API

Declarative

The High-Level API is declarative. What does that mean? All you have to do is specify the state that you want the data in, and then the backend executes all of the tedious data wrangling needed to achieve that state. It’s like Terraform for machine learning.

from aiqc.orm import Dataset
from aiqc.mlops import *
  1. Pipeline declares how to preprocess data.

  2. Experiment declares variations of models to train and evaluate.

  3. Inference declares new samples to predict.

Reference the tutorials to the see the high level API in action for various types of data and analysis. It’s declarative nature makes it easy to learn by reading examples as opposed to piecing together which arguments point to each other. Check back here if you get stuck.

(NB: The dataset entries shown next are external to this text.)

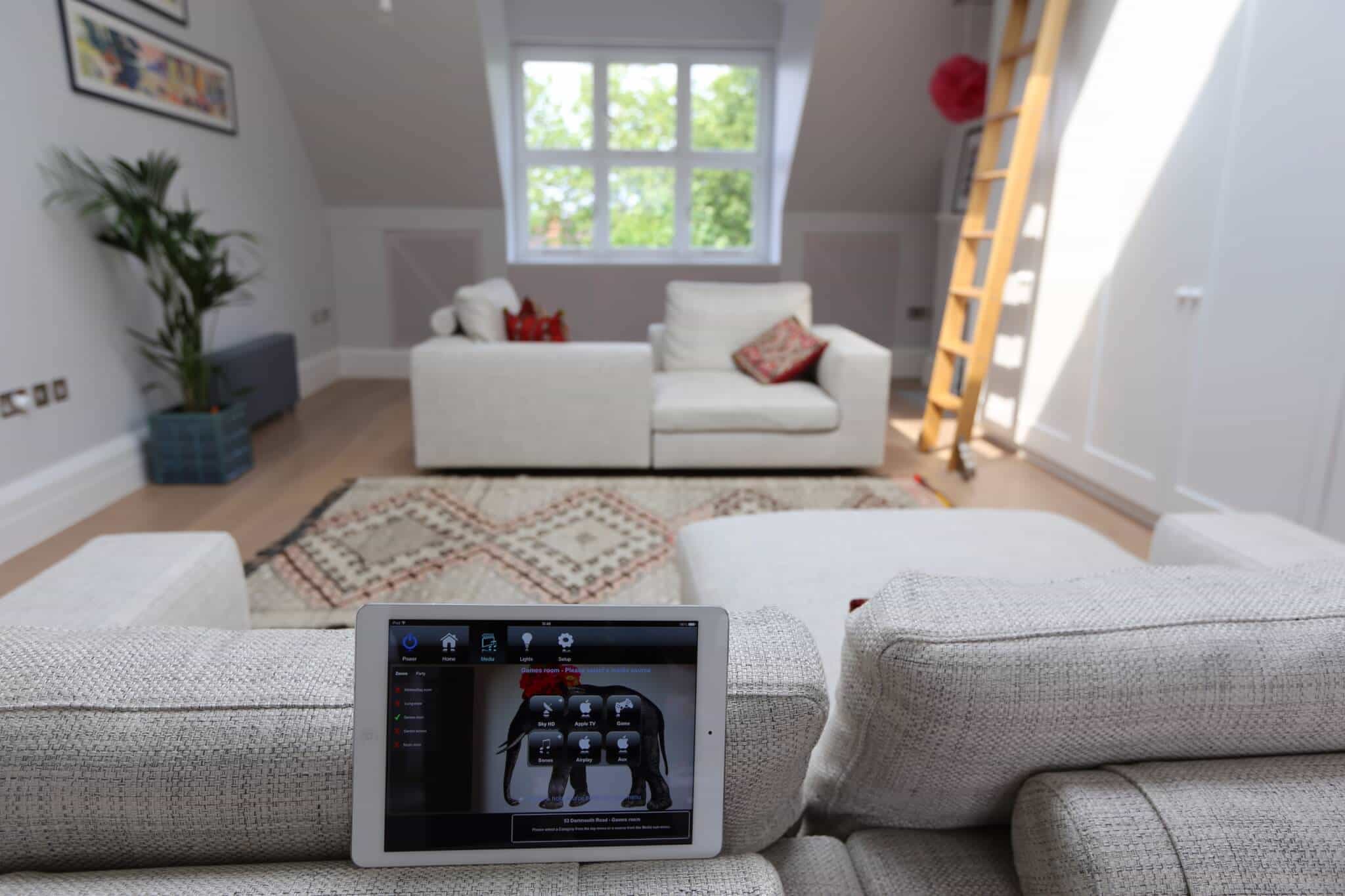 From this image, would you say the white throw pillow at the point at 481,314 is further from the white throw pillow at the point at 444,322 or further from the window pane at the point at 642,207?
the window pane at the point at 642,207

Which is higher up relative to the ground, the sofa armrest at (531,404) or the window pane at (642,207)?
the window pane at (642,207)

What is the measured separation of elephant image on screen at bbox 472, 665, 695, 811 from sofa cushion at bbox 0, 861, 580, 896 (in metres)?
0.05

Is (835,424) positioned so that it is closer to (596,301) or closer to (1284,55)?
(1284,55)

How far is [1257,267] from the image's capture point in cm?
251

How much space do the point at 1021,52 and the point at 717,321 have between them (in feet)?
5.59

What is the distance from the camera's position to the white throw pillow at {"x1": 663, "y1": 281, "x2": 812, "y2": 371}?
4.04 metres

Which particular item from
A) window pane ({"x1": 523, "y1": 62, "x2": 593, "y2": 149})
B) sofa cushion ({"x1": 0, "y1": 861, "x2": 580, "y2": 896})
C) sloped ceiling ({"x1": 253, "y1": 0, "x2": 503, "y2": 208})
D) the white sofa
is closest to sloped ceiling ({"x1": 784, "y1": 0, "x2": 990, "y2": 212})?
window pane ({"x1": 523, "y1": 62, "x2": 593, "y2": 149})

Why so many pointer variables? – Under the hood, the High-Level API is actually chaining together a workflow using the object-relational model (ORM) of the Low-Level API. Many of the classes provided here are just an easier-to-use versions of their ORM counterparts.


1. Pipeline

Declares how to prepare data. The steps defined within the pipeline are used at multiple points in the machine learning lifecycle:

  • Preprocessing of training and evaluation data.

  • Caching of preprocessed training and evaluation data.

  • Post-processing (e.g. decoding) during model evaluation.

  • Inference: encoding and decoding new data.

Pipeline(
    inputs
    , target
    , stratifier
    , name
    , description
)

Argument

Type

Default

Description

inputs

list(Input)

Required

Input - One or more featuresets

target

Target

None

Target - Leave blank during unsupervised/ self-supervised analysis.

stratifier

Stratifier

None

Stratifier - Leave blank during inference.

name

str

None

An auto-incrementing version will be assigned to Pipelines that share a name.

description

str

None

Describes how this particular workflow is unique.

It is possible for an Input and a Target to share the same Dataset. The Input.include_columns and Input.exclude_columns will automatically be adjusted to exclude Target.column.

Returns

Splitset instance as seen in the Low-Level API. We will use this later as the Trainer.pipeline argument.


1a. Input

These are the features that our model will learn from.

This is a wrapper for Feature and all of its preprocessors in the Low-Level API.

Input(
    dataset
    , exclude_columns
    , include_columns
    , interpolaters
    , window
    , encoders
    , reshape_indices
)

Argument

Type

Default

Description

dataset

Dataset

Required

Dataset from Low-Level API

exclude_columns

list(str)

None

The columns from the Dataset that will not be used in the featureset

include_columns

list(str)

None

The columns from the Dataset that will be used in the featureset

interpolaters

list(Input.Interpolater)

None

Input.Interpolater

window

Input.Window

None

Input.Window

encoders

list(Input.Encoder)

None

Input.Encoder

reshape_indices

tuple(int/str/tuple)

None

Reference FeatureShaper from Low-Level API .

Both exclude_columns and include_columns cannot be used simultaneously.


1ai. Input.Interpolater

Used to fill in the blanks in a sequence.

This is a wrapper for FeatureInterpolater in the Low-Level API.

Input.Interpolater(
    process_separately
    , verbose
    , interpolate_kwargs
    , dtypes
    , columns
)

1aii. Input.Window

Used to slice and shift samples into many time series windows for walk-forward/ backward analysis.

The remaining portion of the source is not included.